Le noyau dur de grévistes enseignants et cheminots a tenu bon aussi longtemps grâce à l’habitude prise de faire des va-et-vient entre les AG et tractages des uns et des autres, et aux 2 soirées de soutien. Il montre des signes de faiblesse aujourd’hui et la reprise du travail semble s’amorcer, mais si autant de choses ont pu être faites dans une région qui n’avait pas connu de mouvement social depuis longtemps, c’est de l’aveu de tous grâce au travail de coordination de l’Assemblée de lutte.

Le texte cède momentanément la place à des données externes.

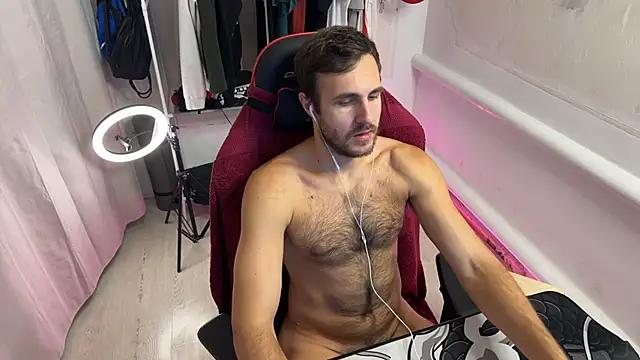 Snapshot of Raamoss chatting on 10/13/25, 11:10 Raamoss online show from 10/13/25, 11:10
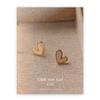 Pendientes sencillos de plata S925 con forma de aguja, diseño de nicho dulce y amor, de oro auténtico de 18 quilates, con fritillaria blanca, ligeros y lujosos, para uso diario.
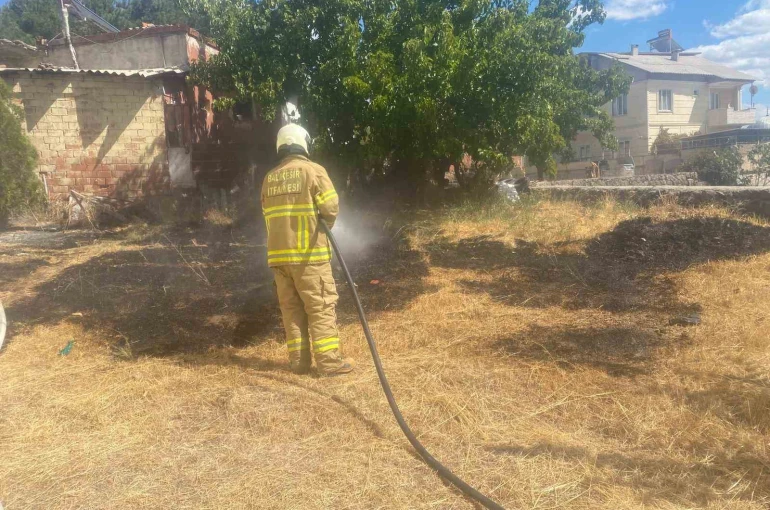 Elektrik panosundan çıkan kıvılcımlar yangına yol açtı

Les membres de l’Assemblée s’étonnent de sa force, comparée à celle des unions locales syndicales. Parmi ces dernières, la CGT et la FSU s’échinent à nous mettre des bâtons dans les roues en ne faisant pas suivre les infos, en posant des rendez-vous sur les nôtres, se dissociant à la moindre incartade « borderline » légalement… Cela a limité notre action et a renforcé le discours critique vis à vis de ces syndicats, sans entraver la volonté d’auto-organisation.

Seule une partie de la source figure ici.